Lots of writers have children

Sometimes those children write memoirs. It is rare that the memoirs are happy memoirs. This may say more about the nature of memoirs than the nature of being the child of a writer. (Whether being the child of a writer is really any worse than being the child of an accountant professor grocer realtor regulator will remain difficult to say since selection bias — children of writers more likely to write — makes memoirs, in relation to this question, a more than usually problematic dataset.) There is a certain consistency of complaint, I have noticed, among these memoirs: the child comes to show something to the writer-parent, who is writing in a room at home during the daytime hours, and the writer-parent says to the child, I can’t right now, I’m working.
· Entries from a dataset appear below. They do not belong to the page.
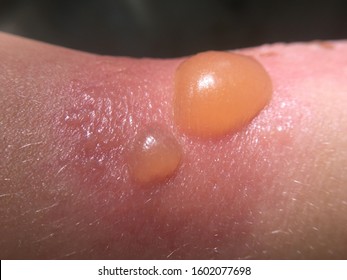 Sunburn Texture In Child Skin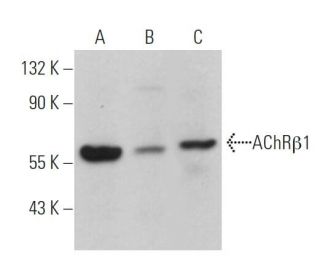 Nicotinic Acetylcholine Receptor beta 1/CHRNB1 Antibody (170) - Western Blotting - Image 363986 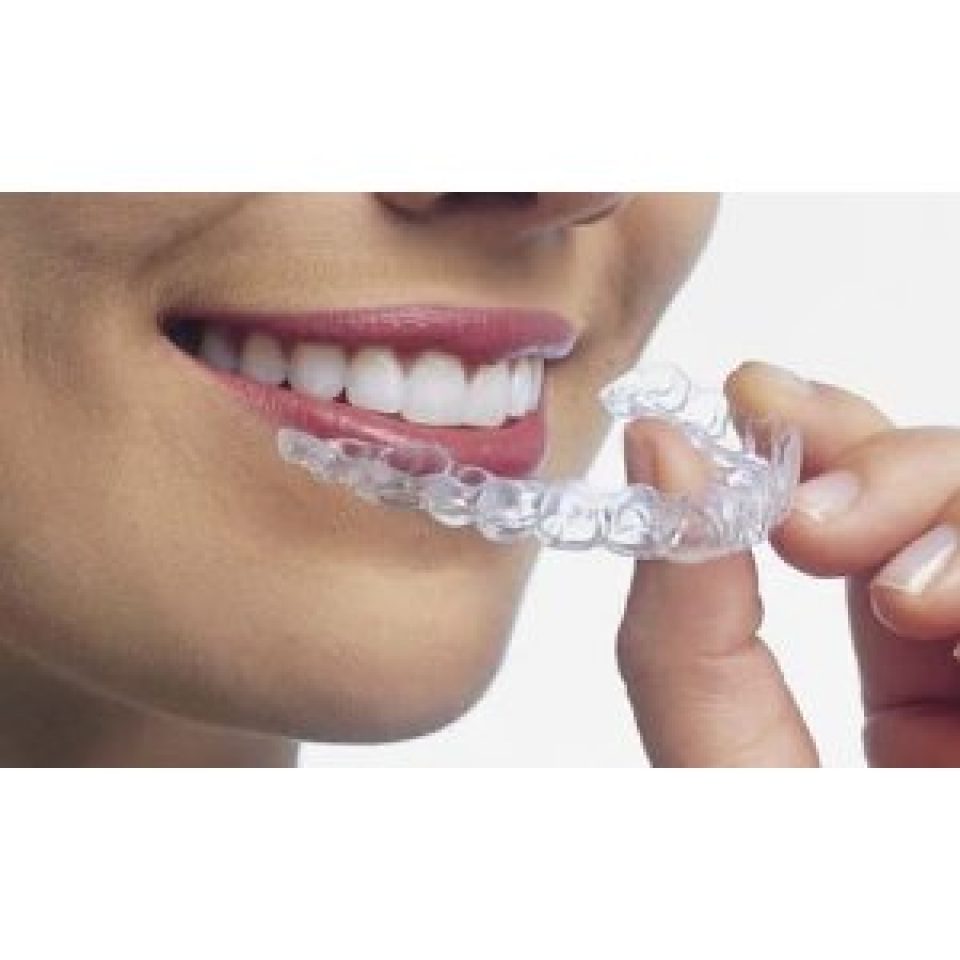 Best ProWhite Smile Whitening Kits UK Teeth Whitening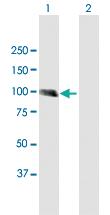 Anti-MCC Mouse Polyclonal Antibody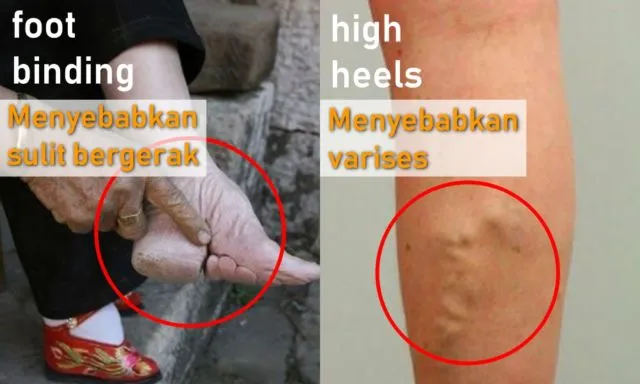 Antara Foot Binding dan High Heels, Perempuan Masih Saja Menyiksa Kakinya Demi Merasa Cantik 18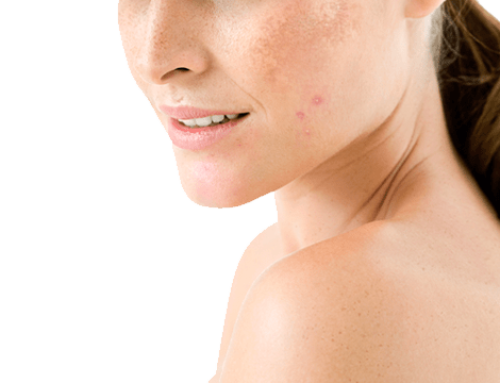 Melasma y verano, ¿enemigos íntimos?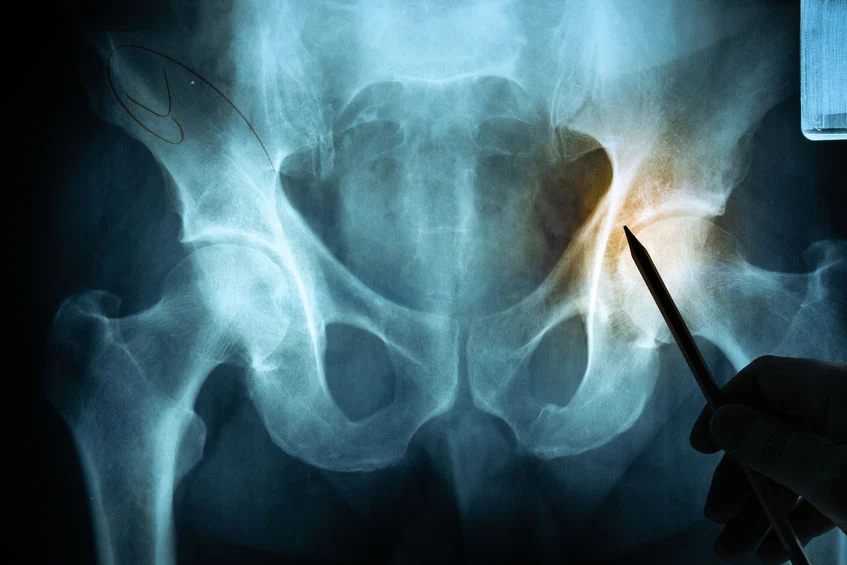 Diagnostyka reaktywnego zapalenia stawów
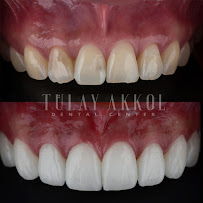 Tülay Akkol Dental Clinic
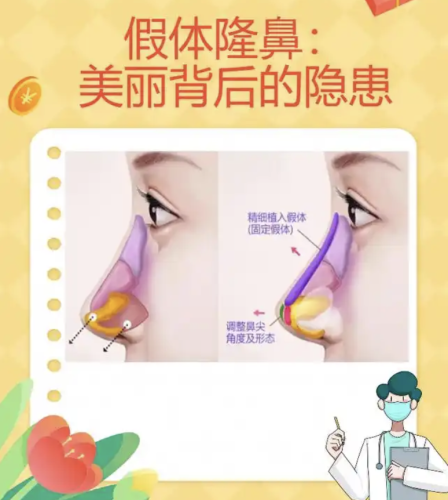 假体隆鼻的危害和后遗症，一定要提前了解！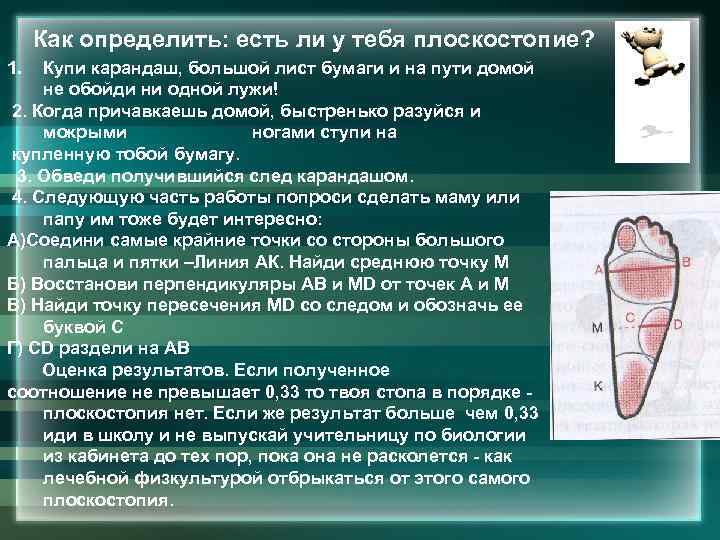 Как определить: есть ли у тебя плоскостопие? 1. Купи карандаш, большой лист бумаги и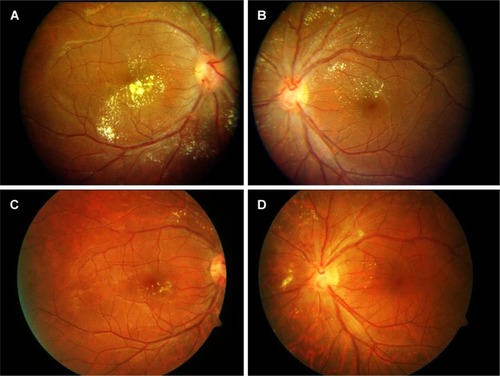 Figure 2 Fundus photography of eyes of 12-year-old male.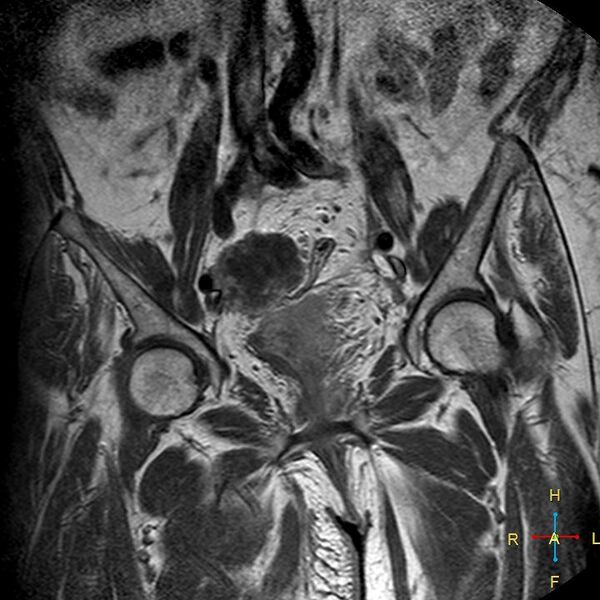 File:Cervical stump squamous cell carcinoma (Radiopaedia 48049-52858 Coronal T1 C+ 5).jpg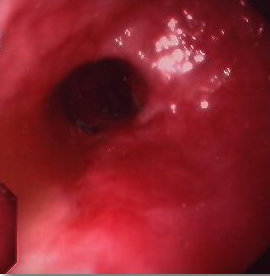ESOPHAGEAL STENOSIS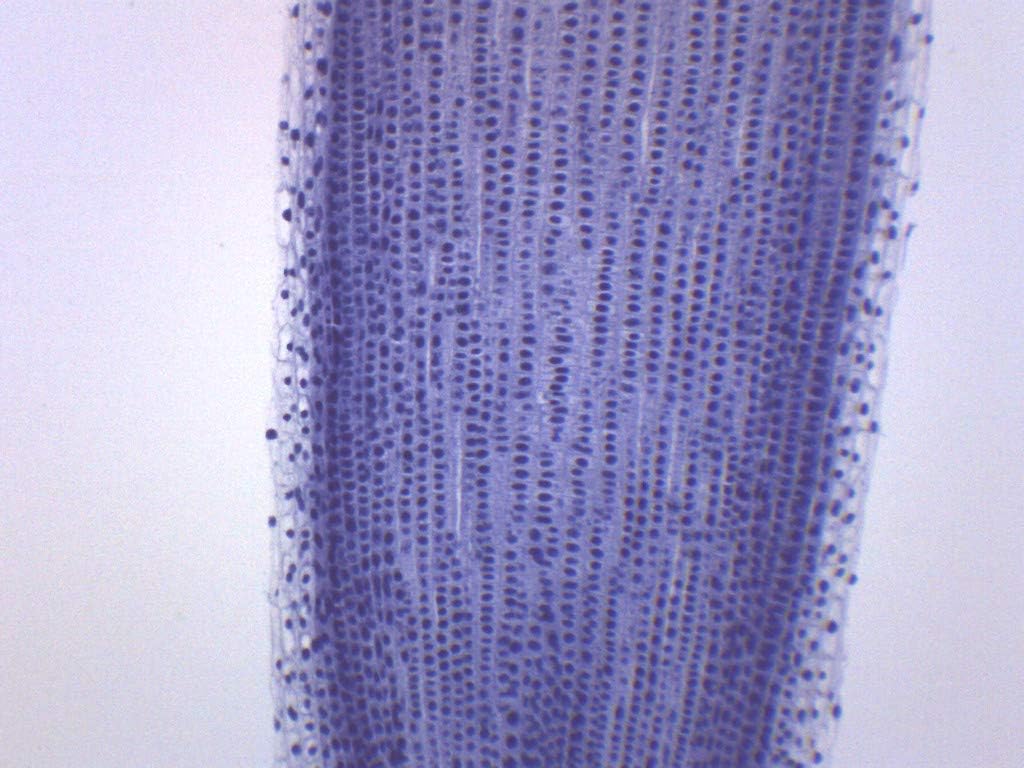 EISCO 10PK Allium Root Tips, Mitosis - Prepared Microscope Slides - Classroom Pack, 10 Slides in Storage Case - Biology & Microscopy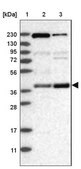 Anti-S100PBP antibody produced in rabbit Prestige Antibodies&#174; Powered by Atlas Antibodies, affinity isolated antibody, buffered aqueous glycerol solution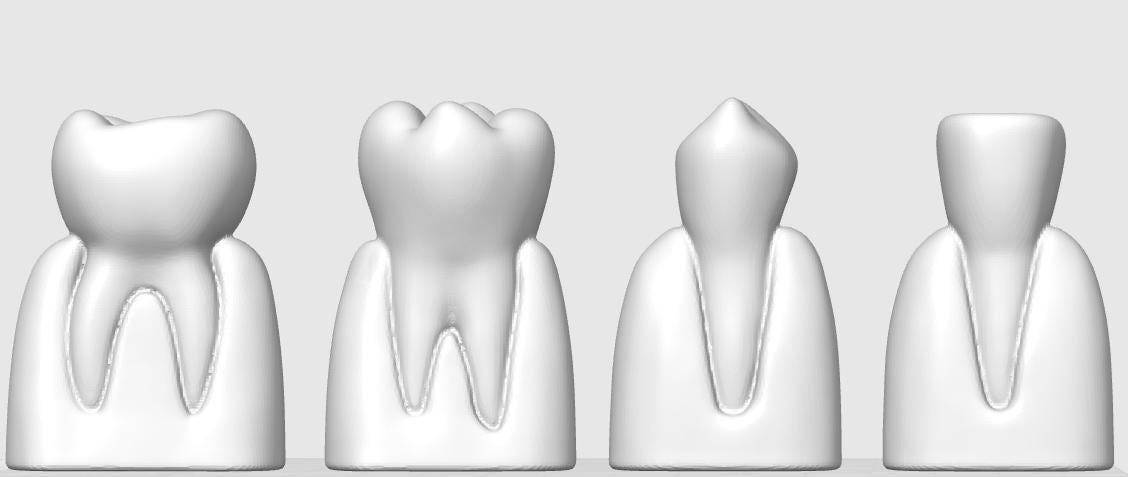 4-Piece Dental Model Set | Detailed Tooth Anatomy | Dentist Office Display | Dental School Teaching Tool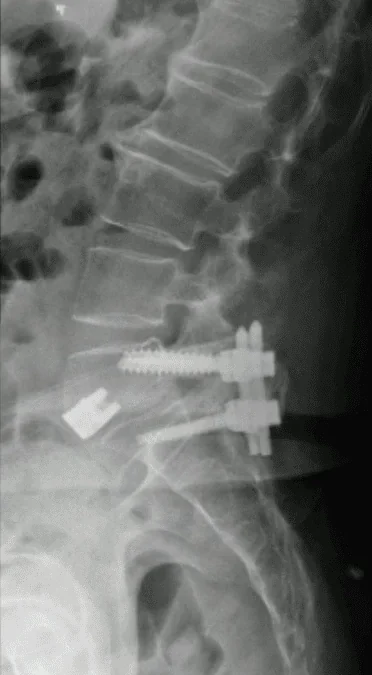 Dor lombar após cirurgia à coluna: revisão de uma pseudartrose de L5-S1 por ALIF (artrodese anterior)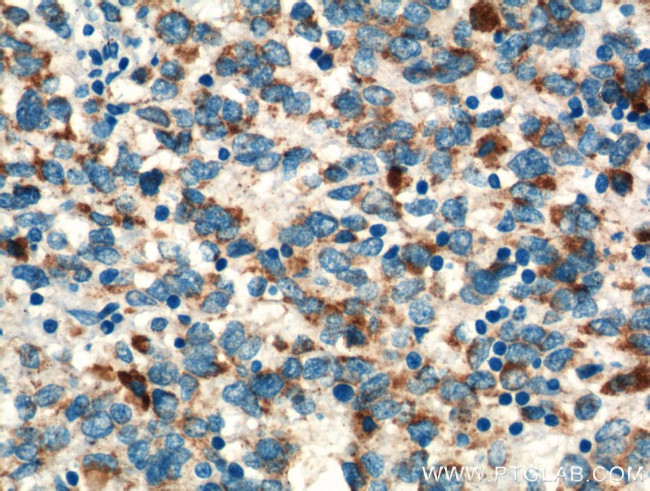 TNF beta Antibody in Immunohistochemistry (Paraffin) (IHC (P))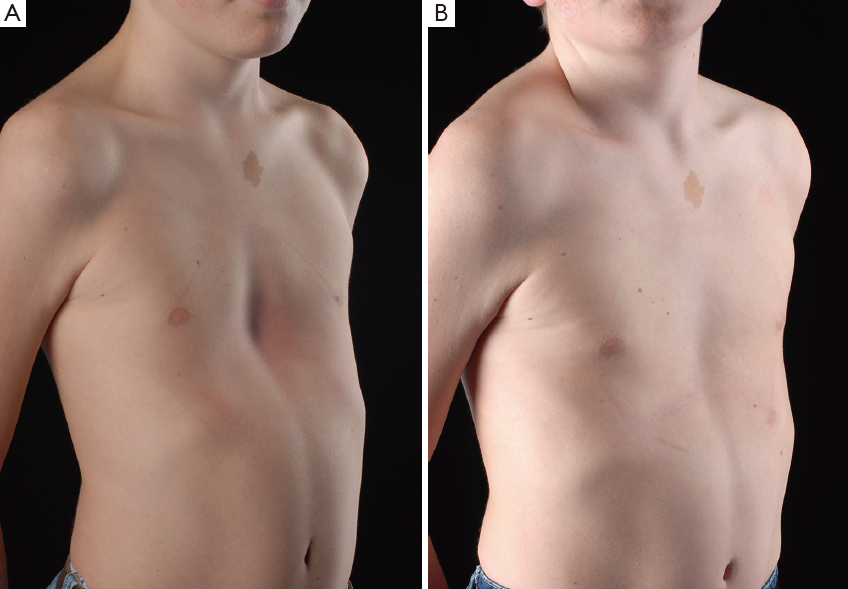 Vacuum Bell for Pectus Excavatum
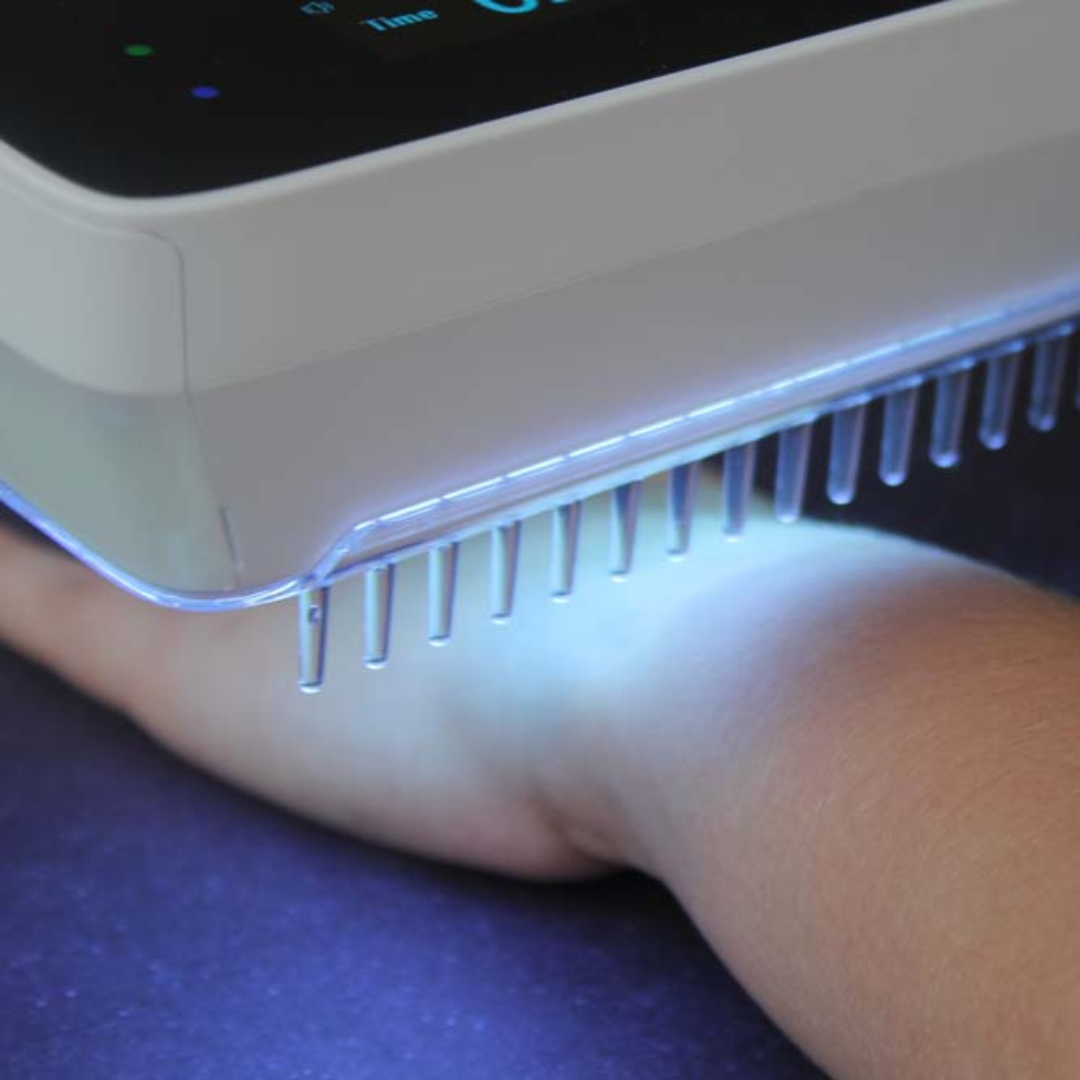 AureaBeam Portable UVB Light Therapy Lamp for Home Use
There are also often descriptions of the looming, hostile, uncompromising door of the home office. Apparently it is very troubling for children to see their parents working, at least doing the kind of work that does not make itself visibly obvious, even if the total hours of work, and thus parental unavailability, are equal (or more likely substantially less) than the working hours of a parent simply leaving the house, to go, say, to an office, where the equally mysterious work of “office work” is, in the child’s imagination, if they are interested in the imagining, done. Presumably these doors are simply the wrong doors on which to be knocking. I have consistently had a difficult time believing these memoirs, not that one has to believe memoirs, or that belief is what memoirs are there for. But the door seems like an obvious screen door. But screen for what?

I have never been the child of a writer, nor been a writer who had a child. (Being a writer who has a baby is really nothing like being a writer who has a child.) But I was once taking care of a three-year-old child, my niece, while I had no choice but to, in at least a minimal way, be working as a writer at the same time. It was the first time I was having a story of mine published in a major magazine, and I had to go over edits on the phone at a specific time, a time which overlapped with my picking up my niece from her preschool and then passing a couple hours with her, in a nearby Starbucks, until her parents were home — I didn’t have a key to their apartment. My niece was and is an unusually easy, flexible child. I took her to the designated Starbucks, though the original reason for going to the Starbucks, which was Internet access (this was more than a decade ago), proved dysfunctional that afternoon. Regardless, I opened my laptop and tried to take the editorial call. It was a call, then calls back, it was going back and forth. My niece was annoyed that I wasn’t speaking only to her. I promised I would speak with her soon. I continued to speak on the phone, with the editor. At one point, in between phone calls, my niece told me she wanted to go to the bathroom, so I brought her to the bathroom. Once were in the narrow stall, she took my phone from my coat pocket and threw it in the toilet. The phone did not work after that.

It is nice for children when their parents have offices outside of the home and are not seen to be doing work, I note to myself today, as the puma weeps while I speak on the cellphone, briefly, for work.